──────── Data provided ────────

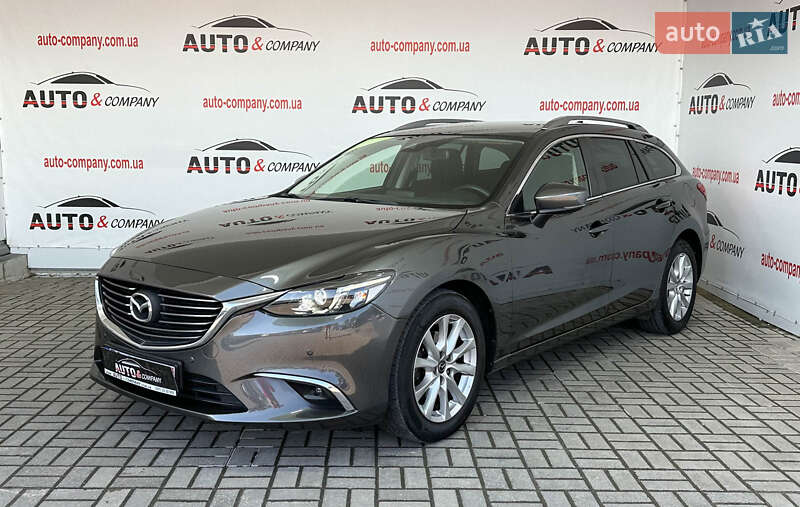 Mazda 6 2018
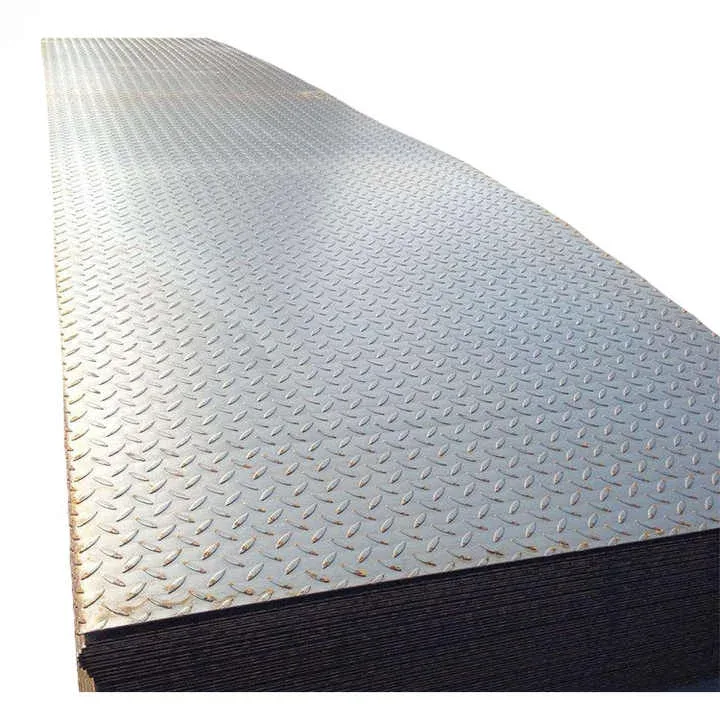 Q235B Hot Rolled Checkered Steel Plate 1-100mm Factory Direct Supplier - Image 2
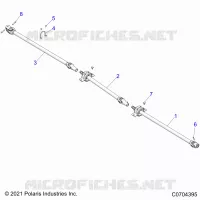 TRASMISSIONE, FRONT PROP SHAFT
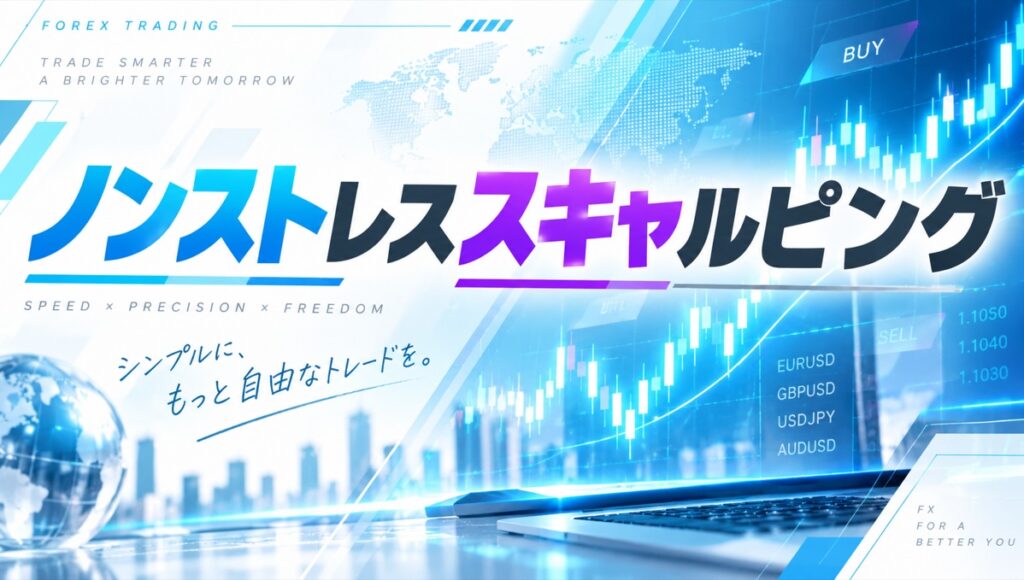 ノンストスキャの評判・口コミを検証｜1分足スキャルピングは本当に簡単？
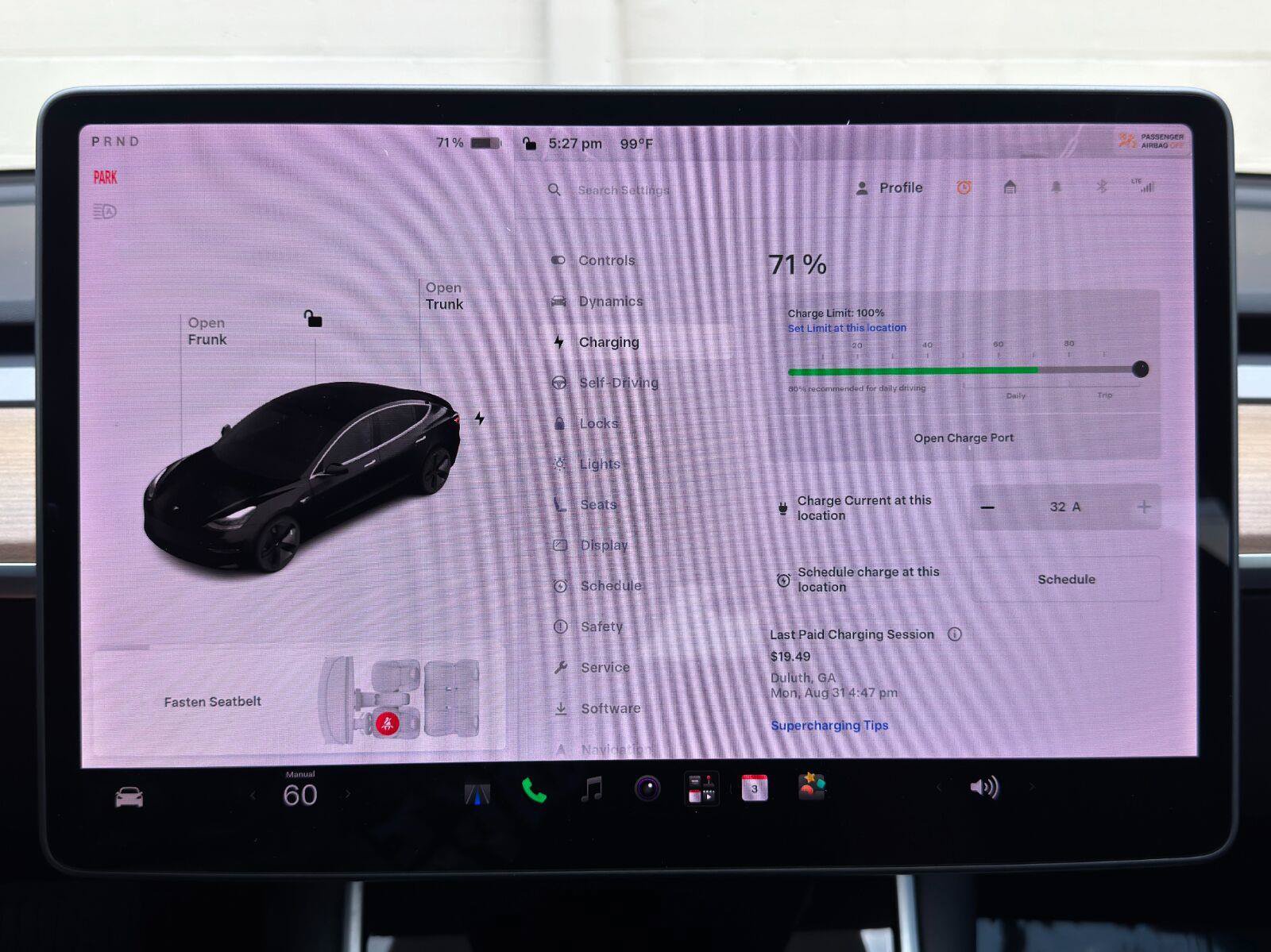 Used 2020 Tesla Model 3 Standard Range Plus RWD image 24
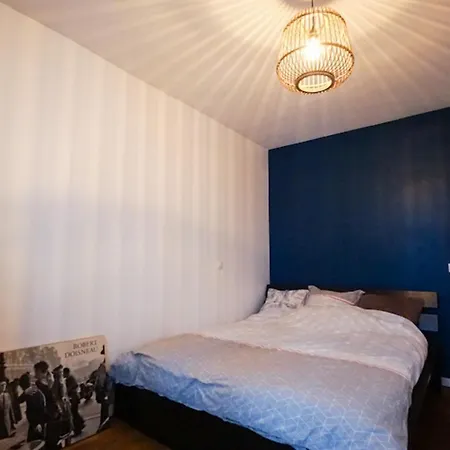Apartment Renovated Near The Buttes Chaumont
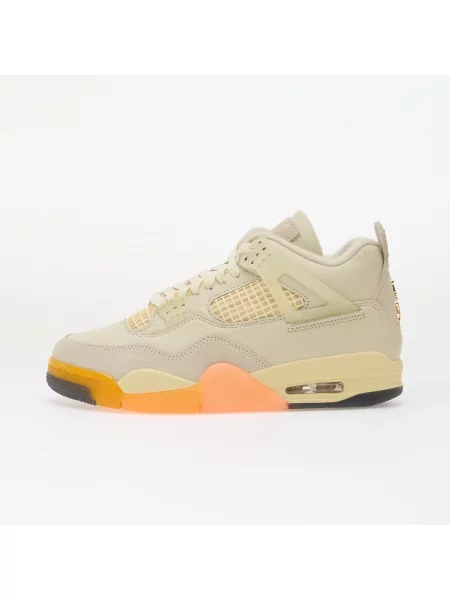 Sneakers Air Jordan 4 Retro "Birds of Paradise" Coconut Milk/ Muslin-Bright Mango EUR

────────

**The task**: Copy the records word for word, leaving no picture in the copy.

**Exercise solution**:
 Mazda 6 2018
 Q235B Hot Rolled Checkered Steel Plate 1-100mm Factory Direct Supplier - Image 2
 TRASMISSIONE, FRONT PROP SHAFT
 ノンストスキャの評判・口コミを検証｜1分足スキャルピングは本当に簡単？
 Used 2020 Tesla Model 3 Standard Range Plus RWD image 24
Apartment Renovated Near The Buttes Chaumont
 Sneakers Air Jordan 4 Retro "Birds of Paradise" Coconut Milk/ Muslin-Bright Mango EUR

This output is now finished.